### Data
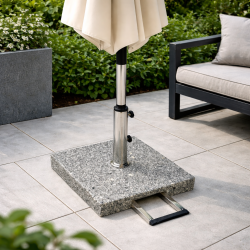 Parasollfot fyrkantig i granit 45x45 cm / Hjul / Handtag Gr� 40 kg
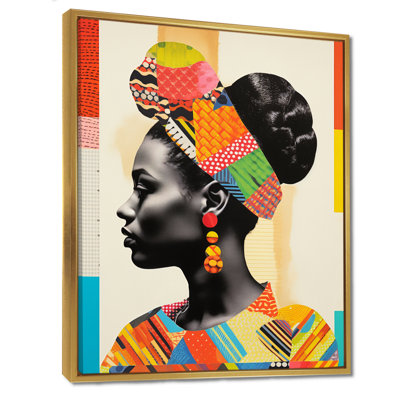 Afro American Colorful Retro Collage II - Woman Pop Wall Art Living Room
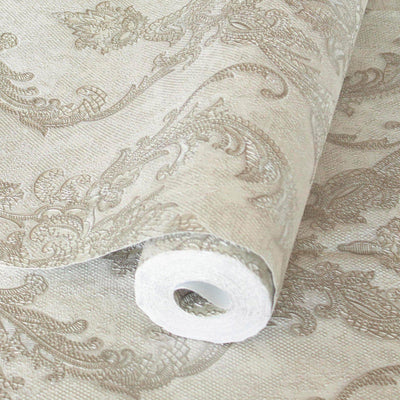 Luxury Sparkling Deep Embossed Damask Wallpaper, Gray, Light Tan Beautiful Flocked Shimmering Rich Textured Wallcovering - Adawall -Houston Wallpaper Store - Walcoverings, Curtains & Wall Panels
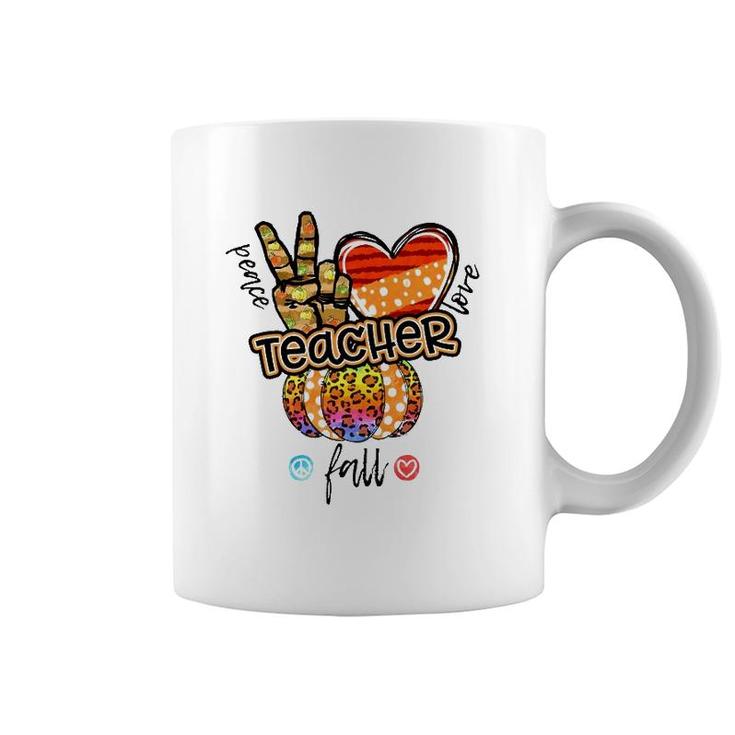 Peace Love Fall Thanksgiving Teacher Funny Teacher Appreciation Coffee Mug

### What is required
Retyping is limited to the line with "Luxury Sparkling Deep" and the lines after it in the material above; give them exactly and leave out the pictures.

### Response to this exercise
 Luxury Sparkling Deep Embossed Damask Wallpaper, Gray, Light Tan Beautiful Flocked Shimmering Rich Textured Wallcovering - Adawall -Houston Wallpaper Store - Walcoverings, Curtains & Wall Panels
 Peace Love Fall Thanksgiving Teacher Funny Teacher Appreciation Coffee Mug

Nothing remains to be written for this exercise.